Third-party buy-and-bill enables physicians to order the drugs needed to treat a particular patient without having to buy or bill for that drug. Those functions are performed instead by an intermediary who procures the drugs from pharmaceutical companies, ships the medications to the physician’s office on an as-needed basis, and collects reimbursement from the patient and his insurer. A version of this approach, covering nearly all physician-administered drugs, was explored unsuccessfully in Medicare under a provision of the Medicare Modernization Act of 2003 called the Competitive Acquisition Program.7 Private insurers have explored a pared-down version of this approach, in which they contract with a specialty pharmacy to provide certain expensive drugs to physician’s offices when they are prescribed. This approach most closely aligns with the principle that oncologists should be free to prescribe the most appropriate treatment for each patient without incentives to prescribe more- or less-expensive drugs.

These 3 options have different strengths and weaknesses (Table). Episode-based payment appears the most appealing in the long term and is most consistent with the trend in health system reform toward shared accountability and global payments. However, third-party buy-and-bill is the easiest to introduce because it does not require proscriptive decisions by insurers regarding what care is appropriate for which patients and is already enabled in Medicare through existing legislation.

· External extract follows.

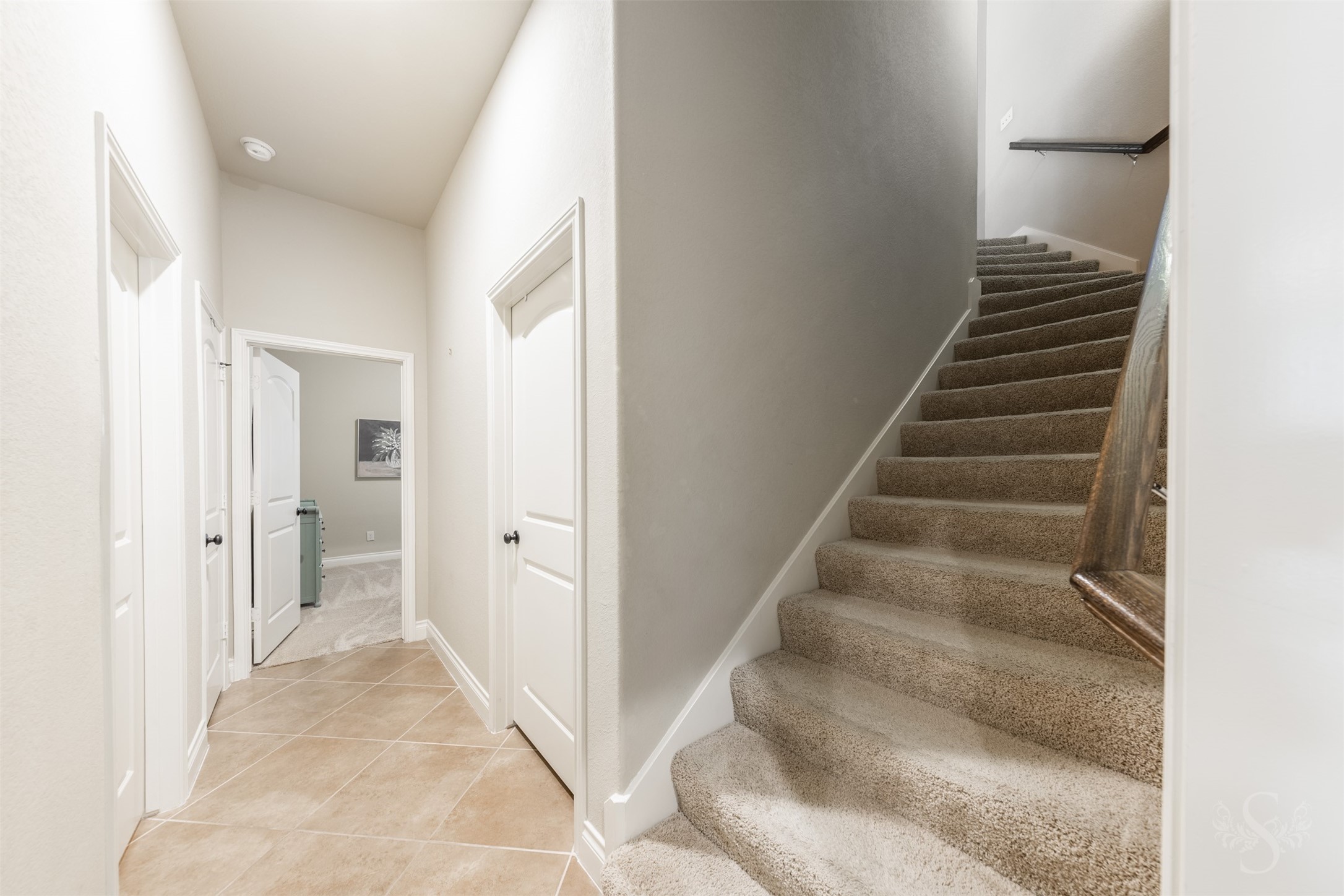 Tucked off the hallway, the carpeted staircase leads to the homes upstairs retreat. A spacious game room and separate media room provide a wonderful destination for family fun and entertaining friends.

If Medicare were to pursue third-party buy-and-bill again, the program would need several minor modifications. Its first implementation included nearly all physician-administered drugs, including many very inexpensive medications, which caused more of a logistical hassle than an economic boon to physicians. For instance, bags of normal saline had to be obtained from the third-party vendor. A modified program could focus just on highly expensive drugs that account for a meaningful share of Medicare spending—thus removing both the incentives and the risk for practicing oncologists for the drugs that most influence both. A recent Government Accountability Office report and my unpublished analysis (based on the publicly available 2011 CMS Part B National Summary Data File) suggest that nearly three-quarters of all Part B cancer drug spending and cost could be moved to a third party if Medicare transitioned approximately 20 drugs into the program, rather than the nearly 200 drugs and supplies placed in the program last time.8

In addition, Medicare would have to make the program mandatory, add fees for drugs in the program that were linked to the complexity of drug handling and storage, institute systems to ensure on-time delivery, and manage costs associated with wastage and dose reduction. An additional benefit of this approach is that the third-party vendor could assist Medicare in capturing what is probably several billion dollars a year in drug discounts that 340B hospitals and physicians are currently retaining when they obtain discounted drugs through the program and then bill Medicare as if they obtained the drugs at list price.9

The current financing method for physician-administered oncology drugs is unsustainable. Each of the 3 payment approaches outlined are potential improvements.